Hello Experts,
I know this kind of question must have been asked here before but by searching I didnt find a solution:
My question is: What are the best Java libraries to "fully download any wepage and render the built in JavaScript(s) and then access the rendered webpage (that is the DOM-Tree !) programatically and get the DOM Tree as an "HTML-Source".
(Something similarly what firebug does in the end, it renders the page and I get access to the fully rendered DOM Tree, as the page looks like in the browser! In contrast if I click "show source" I only get the JavaScript source code. This it not what I want. I need to have access to the rendered page...)
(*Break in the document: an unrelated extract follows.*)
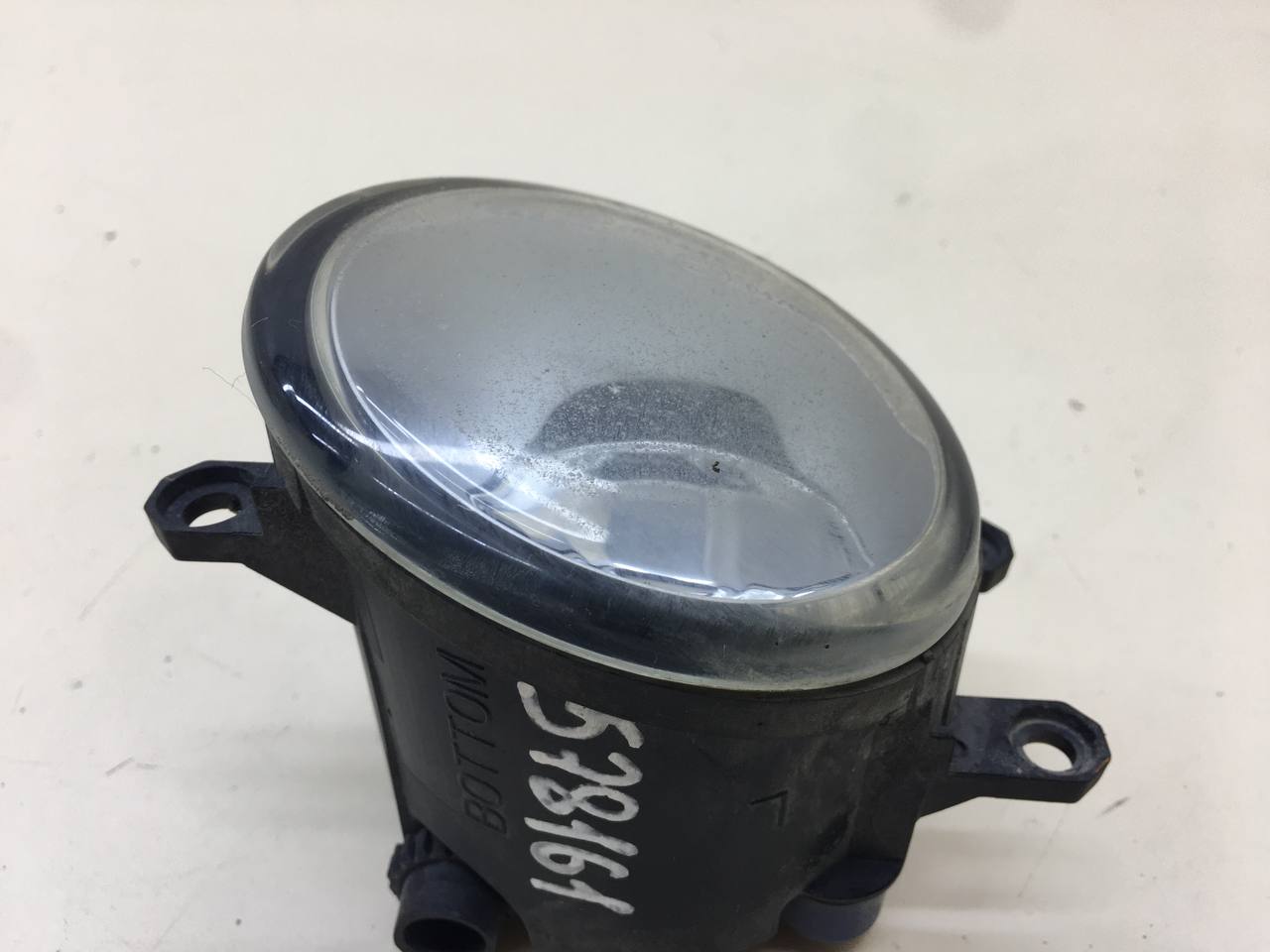 Фара противотуманная левая Toyota Auris (E150) 2006-2012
(With rendering I mean only rendering the DOM Tree not a visual rendering...)
This does not have to be one single library, it's ok to have several libraries that can accomplish this together (one will download, one render...)but due to the dynamic nature of JavaScript most likely the JavaScript library will also have to have some kind of downloader to fully render any asynchronous JS...
Background: In the "good old days" HttpClient (Apache Library) was everything required to build your own very simple crawler. (A lot of cralwers like Nutch or Heretrix are still build around this core princible, mainly focussing on Standard HTML parsing, so I can't learn from them) My problem is that I need to crawl some websites that rely heavily on JavaScript and that I can't parse with HttpClient as I defenitely need to execute the JavaScripts before...
Thank you very much!! Tim